# Training the Multi-Modal Neural Network

This notebook demonstrates training with the multi-dataset selector.

**Prerequisites:**
- Complete `01_getting_started.ipynb` to verify your environment
- Configure datasets in `../configs/default.yaml` under `data.datasets`

**Testing:** Run `make test` or `pytest tests/test_integration.py` to verify training components.

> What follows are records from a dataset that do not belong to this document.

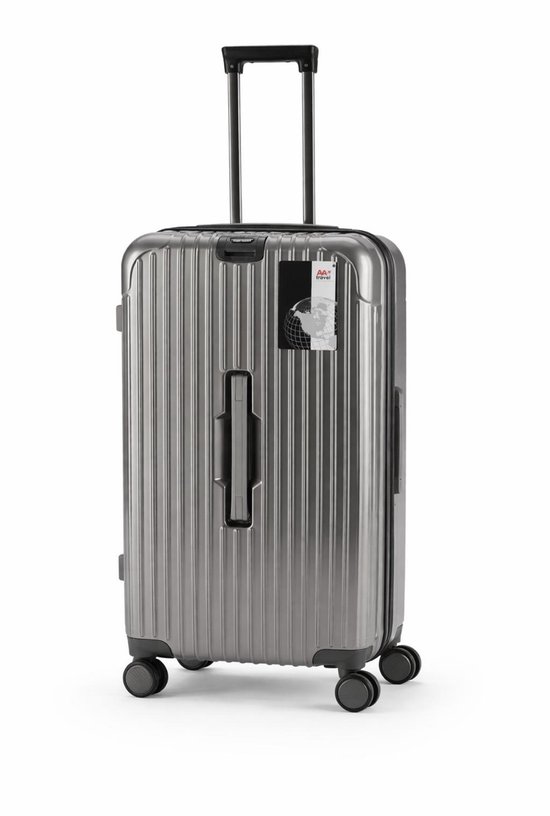 Zilverkleurige koffer met ribbelpatroon, TSA-slot en logo op de voorkant.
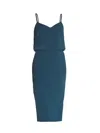Dress The Population Alondra Blouson Sheath Dress In Green
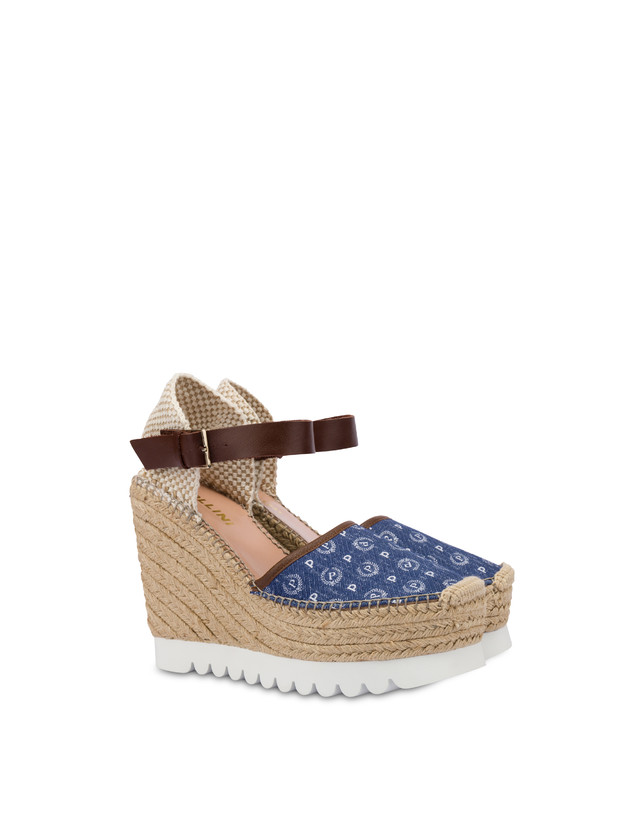 Pollini Sandali Con Zeppa Espadrillas Heritage Denim Jacquard Blu/marrone Offerta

## Inspect Configured Datasets

In [None]:
import sys
sys.path.append('..')

from src.utils.config import load_config

config_path = '../configs/default.yaml'
config = load_config(config_path)
print('Datasets defined:')
for ds in config.get('data', {}).get('datasets', []):
    print(f"- {ds.get('name')} type={ds.get('type')} enabled={ds.get('enabled', True)} splits={ds.get('splits')}")

## Build DataLoaders (Selector)

In [None]:
from src.data import build_dataloaders
train_loader, val_loader, test_loader = build_dataloaders(config)
print(f'Train batches: {len(train_loader)}')
print(f'Val batches: {len(val_loader) if val_loader else 0}')
print(f'Test batches: {len(test_loader) if test_loader else 0}')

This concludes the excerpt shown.